**Task instructions:**
Print, exactly as they stand, the lines below from the one that has "assassinen girl" to the one that has "Wendy Lustbader Quotes 1153476", inclusive, leaving out the pictures.

**Data records:**

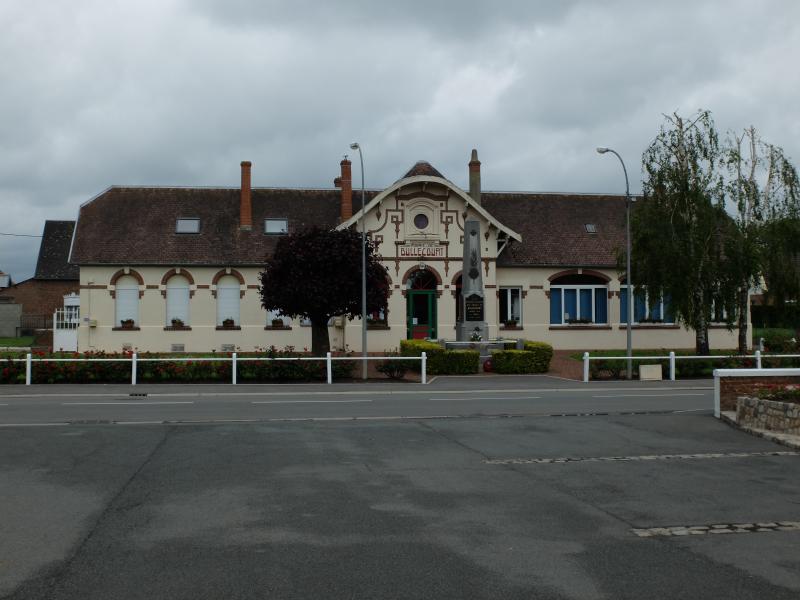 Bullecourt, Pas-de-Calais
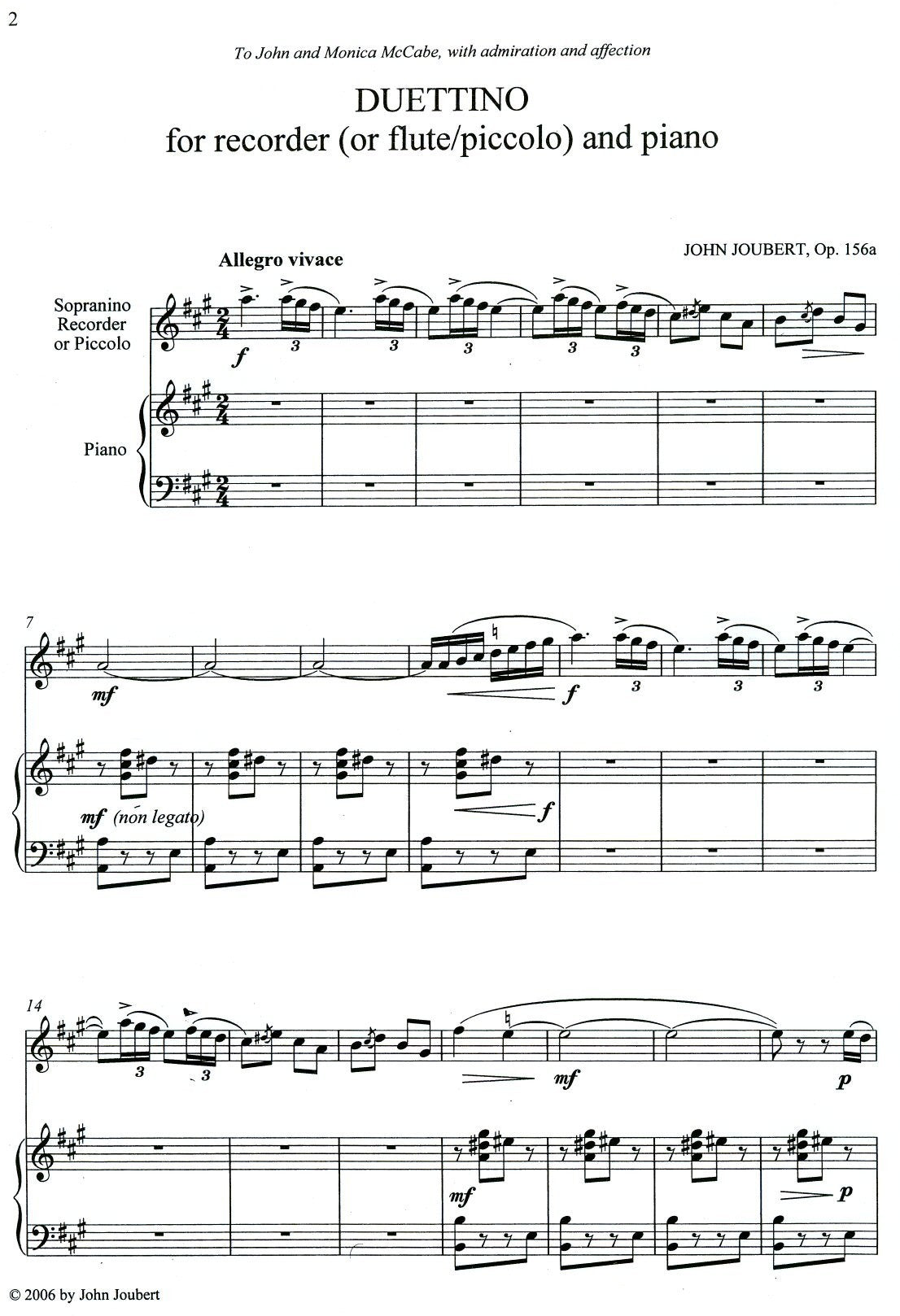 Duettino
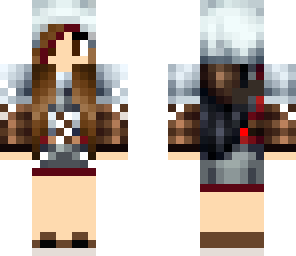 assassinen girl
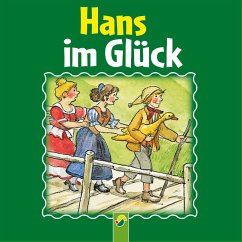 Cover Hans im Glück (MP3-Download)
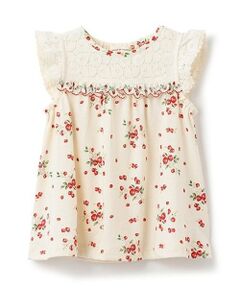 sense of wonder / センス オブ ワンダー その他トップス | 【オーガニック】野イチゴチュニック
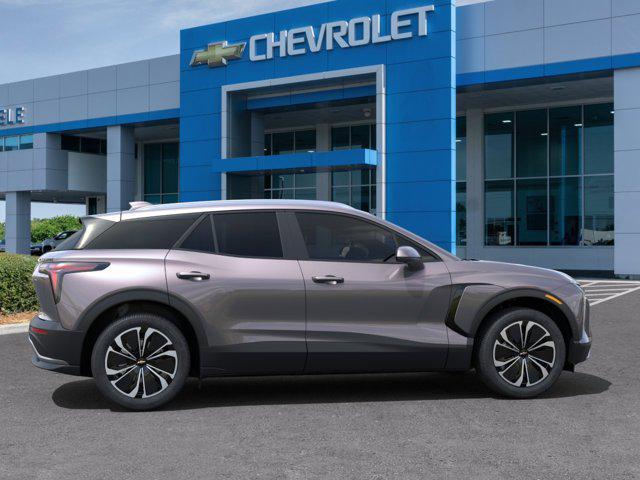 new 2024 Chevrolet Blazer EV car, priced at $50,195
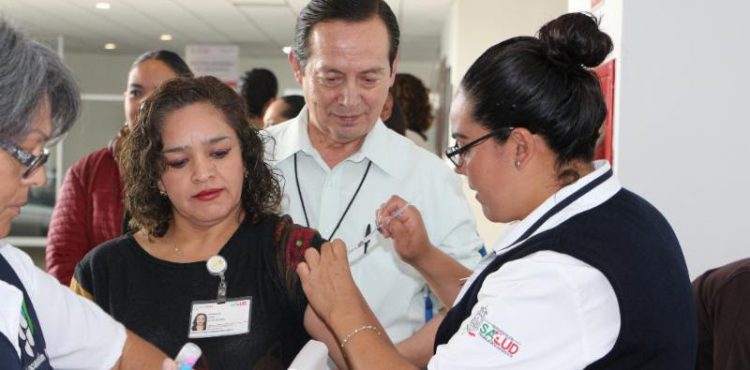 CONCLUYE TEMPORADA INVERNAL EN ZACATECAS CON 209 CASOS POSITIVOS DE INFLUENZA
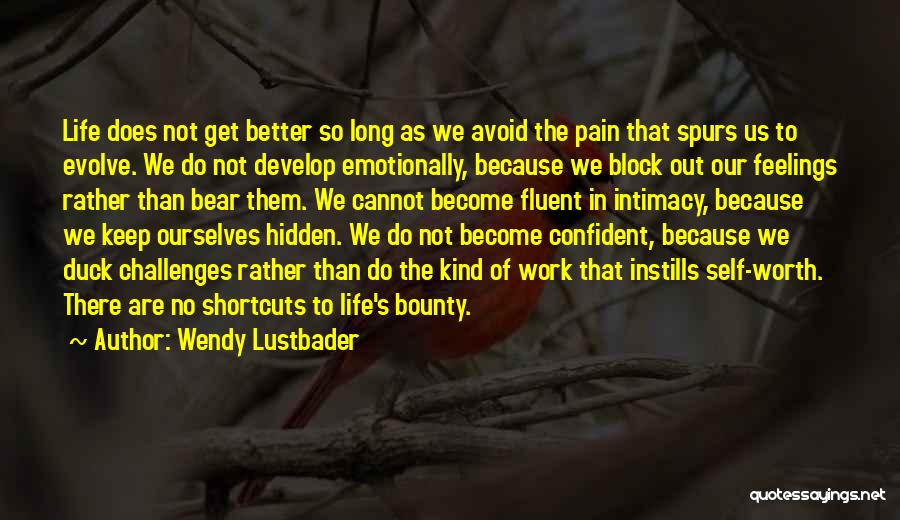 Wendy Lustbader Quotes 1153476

...

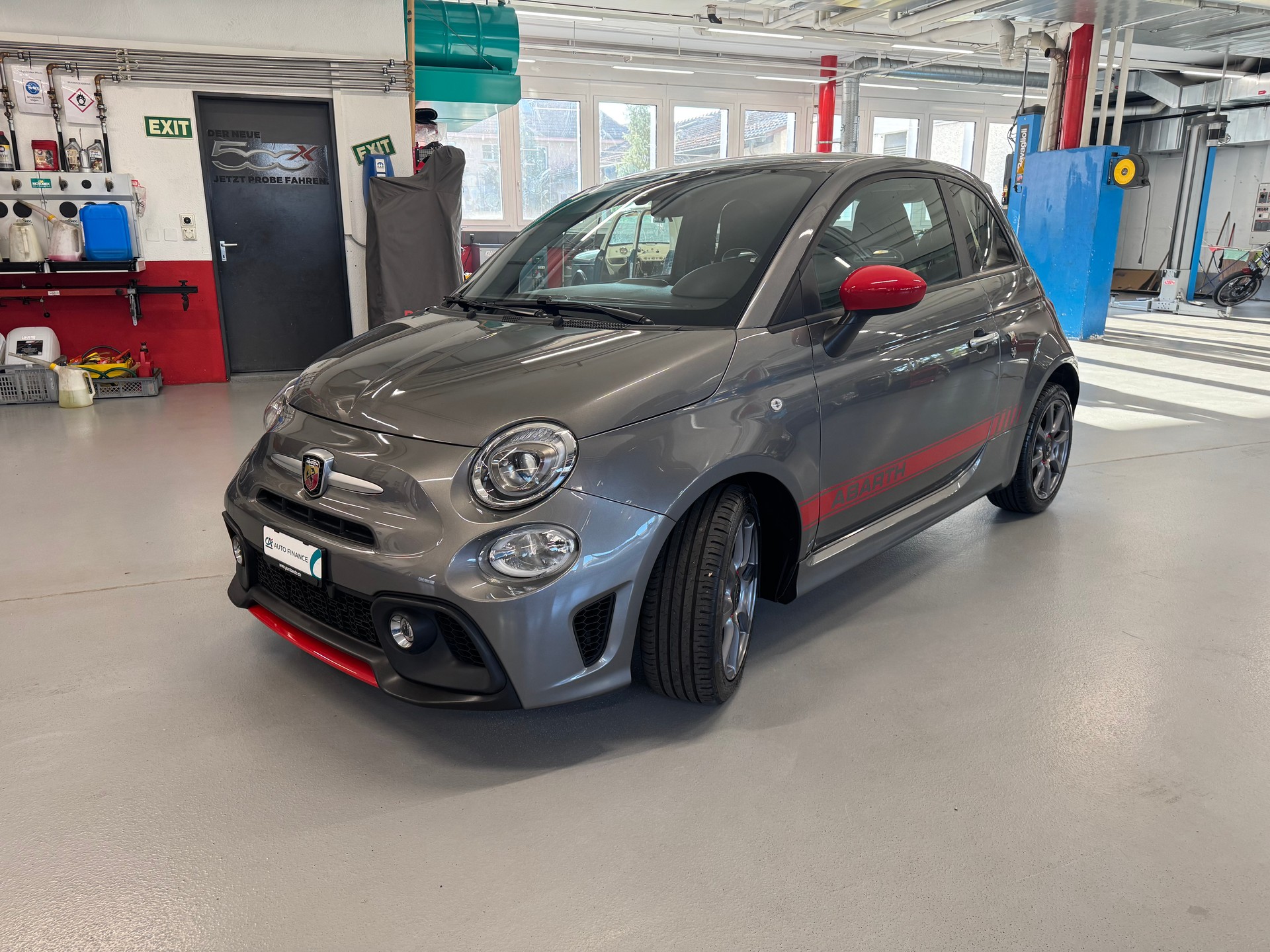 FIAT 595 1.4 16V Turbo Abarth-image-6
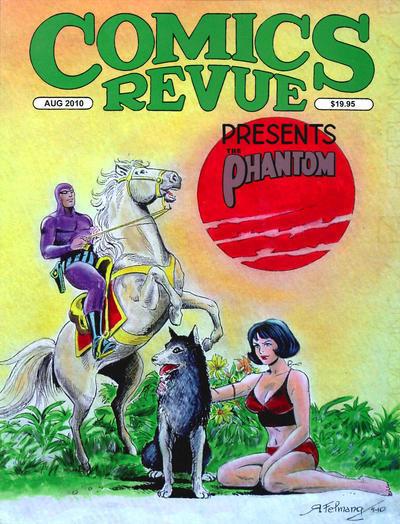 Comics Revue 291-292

...

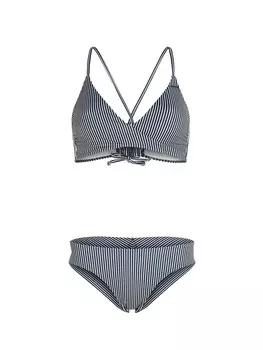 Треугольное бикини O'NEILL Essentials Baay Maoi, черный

**Response to the exercise:**
 assassinen girl
 Cover Hans im Glück (MP3-Download)
 sense of wonder / センス オブ ワンダー その他トップス | 【オーガニック】野イチゴチュニック
 new 2024 Chevrolet Blazer EV car, priced at $50,195
 CONCLUYE TEMPORADA INVERNAL EN ZACATECAS CON 209 CASOS POSITIVOS DE INFLUENZA
 Wendy Lustbader Quotes 1153476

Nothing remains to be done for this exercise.